Usage of the bagging is quite straight forward. Set up a TreeBuilder and if you want to use "random subspace" as described above, make sure to configure the ignoreAttributeAtNodeProbability to a value below 1 (0.7 is a good choice). This parameter denotes the probability, that a attribute will be skipped at a branch. Create a new RandomForestBuilder wrapping the TreeBuilder and specify the number of trees to grow using the numTrees method. Bagging can be activated by useBagging.

import quickdt.*;
import quickdt.data.*;
import quickdt.predictiveModels.randomForest.*;

TreeBuilder treeBuilder = new TreeBuilder()
	.ignoreAttributeAtNodeProbability(0.7);
RandomForestBuilder randomForestBuilder = new RandomForestBuilder(treeBuilder)
	.numTrees(50)
	.useBagging(true);

RandomForest randomForest = randomForestBuilder.buildPredictiveModel(instances);

Attributes attributes = HashMapAttributes.create("height", 62, "weight", 201, "gender", "female");
Serializable classification = randomForest.getClassificationByMaxProb(attributes);
System.out.println("Assigned class: " + classification); 

Cross-validation Framework

QuickDT provides a simple but flexible cross-validation framework. At the simplest level you give CrossValidator a PredictiveModelBuilder, a dataset (an Iterable), and it will give you a root-mean-squared-error based on cross validation where 10% of the dataset has been reserved for testing.

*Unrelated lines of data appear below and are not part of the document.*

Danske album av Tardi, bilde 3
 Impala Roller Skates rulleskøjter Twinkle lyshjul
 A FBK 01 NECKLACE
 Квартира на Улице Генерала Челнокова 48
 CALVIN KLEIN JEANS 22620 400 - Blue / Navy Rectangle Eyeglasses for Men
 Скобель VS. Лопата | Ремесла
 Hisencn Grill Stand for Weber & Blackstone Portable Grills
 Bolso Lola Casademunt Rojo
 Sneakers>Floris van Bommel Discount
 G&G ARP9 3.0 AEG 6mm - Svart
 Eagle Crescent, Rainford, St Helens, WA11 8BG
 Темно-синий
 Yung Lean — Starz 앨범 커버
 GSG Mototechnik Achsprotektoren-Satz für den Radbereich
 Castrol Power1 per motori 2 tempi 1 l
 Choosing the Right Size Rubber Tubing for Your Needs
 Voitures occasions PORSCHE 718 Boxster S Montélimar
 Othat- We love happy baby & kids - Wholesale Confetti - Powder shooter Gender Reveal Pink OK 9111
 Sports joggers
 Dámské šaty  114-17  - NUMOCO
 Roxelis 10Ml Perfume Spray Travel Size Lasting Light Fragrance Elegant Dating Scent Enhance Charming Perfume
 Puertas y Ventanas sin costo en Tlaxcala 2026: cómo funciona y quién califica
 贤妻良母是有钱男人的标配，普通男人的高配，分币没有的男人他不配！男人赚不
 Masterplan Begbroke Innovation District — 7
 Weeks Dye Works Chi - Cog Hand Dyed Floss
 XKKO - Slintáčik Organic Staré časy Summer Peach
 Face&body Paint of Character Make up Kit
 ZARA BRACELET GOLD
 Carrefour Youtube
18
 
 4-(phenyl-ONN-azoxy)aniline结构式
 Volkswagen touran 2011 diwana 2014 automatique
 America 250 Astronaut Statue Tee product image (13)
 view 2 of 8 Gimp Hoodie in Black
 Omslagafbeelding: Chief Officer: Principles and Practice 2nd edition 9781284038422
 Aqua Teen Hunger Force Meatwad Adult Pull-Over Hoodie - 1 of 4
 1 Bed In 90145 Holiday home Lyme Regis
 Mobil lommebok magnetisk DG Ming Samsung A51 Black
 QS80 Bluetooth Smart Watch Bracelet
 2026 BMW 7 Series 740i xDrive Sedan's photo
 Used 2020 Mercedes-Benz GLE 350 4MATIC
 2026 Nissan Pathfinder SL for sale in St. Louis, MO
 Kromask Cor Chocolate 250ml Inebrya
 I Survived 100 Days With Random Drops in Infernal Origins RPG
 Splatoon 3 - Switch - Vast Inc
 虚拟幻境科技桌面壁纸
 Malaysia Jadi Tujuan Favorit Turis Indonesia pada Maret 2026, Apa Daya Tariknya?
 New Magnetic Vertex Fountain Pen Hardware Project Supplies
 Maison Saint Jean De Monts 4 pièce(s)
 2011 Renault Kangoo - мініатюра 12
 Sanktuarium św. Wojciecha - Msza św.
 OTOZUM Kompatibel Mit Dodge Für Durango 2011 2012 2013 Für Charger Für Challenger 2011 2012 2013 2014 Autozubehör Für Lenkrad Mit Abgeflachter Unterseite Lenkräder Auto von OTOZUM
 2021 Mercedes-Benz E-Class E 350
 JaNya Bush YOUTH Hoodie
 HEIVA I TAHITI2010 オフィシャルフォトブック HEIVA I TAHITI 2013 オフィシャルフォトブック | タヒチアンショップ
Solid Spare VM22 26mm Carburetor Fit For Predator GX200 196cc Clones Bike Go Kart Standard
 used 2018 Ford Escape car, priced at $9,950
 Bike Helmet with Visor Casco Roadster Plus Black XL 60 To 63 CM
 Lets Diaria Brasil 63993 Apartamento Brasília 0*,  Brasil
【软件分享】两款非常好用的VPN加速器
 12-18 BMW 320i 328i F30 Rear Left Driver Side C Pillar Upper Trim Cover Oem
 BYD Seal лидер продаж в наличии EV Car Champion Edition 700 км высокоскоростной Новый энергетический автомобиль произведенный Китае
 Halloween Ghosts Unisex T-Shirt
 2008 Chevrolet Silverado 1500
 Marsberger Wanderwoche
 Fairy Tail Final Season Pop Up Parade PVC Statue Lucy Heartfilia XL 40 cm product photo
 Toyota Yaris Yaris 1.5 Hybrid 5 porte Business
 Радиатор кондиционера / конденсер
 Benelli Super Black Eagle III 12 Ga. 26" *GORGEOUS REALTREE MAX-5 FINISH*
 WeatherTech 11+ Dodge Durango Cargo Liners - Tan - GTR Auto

See Benchmarks.java for a usage example.

Hyperparameter Optimization

QuickDT also includes a hyperparameter optimizer, to find the optimal parameters for a PredictiveModelBuilder. See PredictiveModelOptimizerTest.java for a simple usage example.

Under the hood

Split scoring formula

Like all decision tree learners, QuickDT uses a formula to determine the quality of a "split" at each branch. I've tested a wide variety of formulae, and eventually settled on MSEScorer. So far as I know it's a novel approach.

This Scorer is designed to estimate the improvement in "mean-squared error" resulting from the creation of a new branch. In tests this performed better than Gini impurity, and various other approaches I tried. Its easy to try your own, just implement Scorer and pass it to the TreeBuilder constructor.

Finding the best categorical branch

Given a categorical attribute (ie. one where the values are strings), we start by scoring the splits produced by a set of size one, testing each value in turn.

We take the best of these, and then try adding another value to this set, again, trying each of the remaining values in turn and scoring them.

We keep adding to the set until adding a new value results in a lower score than the set has without it. Once that happens we terminate, and that's our set.

Unique ID attribute

idAttribute can be specified with TreeBuilder.setIdAttribute(idAttribute). idAttribute is the name of the column which has a special function in the model. idAttribute is not used for classification, i.e. it is exempt from the splits. However, it is used to create special unique ID counts: how many data points with unique IDs are present in the leafs. Count are class-specific, kept separately for each class in each leaf.

To query the counts, use TreeBuilder.getIdAttributesHandler() with the following methods:

  • getCountsMap() to get the map containing counts for each leaf, can be queried with Leaf.hashCode().
  • getCountForLeaf(Leaf.hashCode()) to get the id counts for specific leaf.
  • getCountForLeafClass(Leaf.hashCode(), class) to get the id counts for specific class within specific leaf.
  • getCountForMajorityClass(Leaf) to get the id counts for the majority class of the specific leaf.
  • getTotalCounts() to get the total id counts for each class.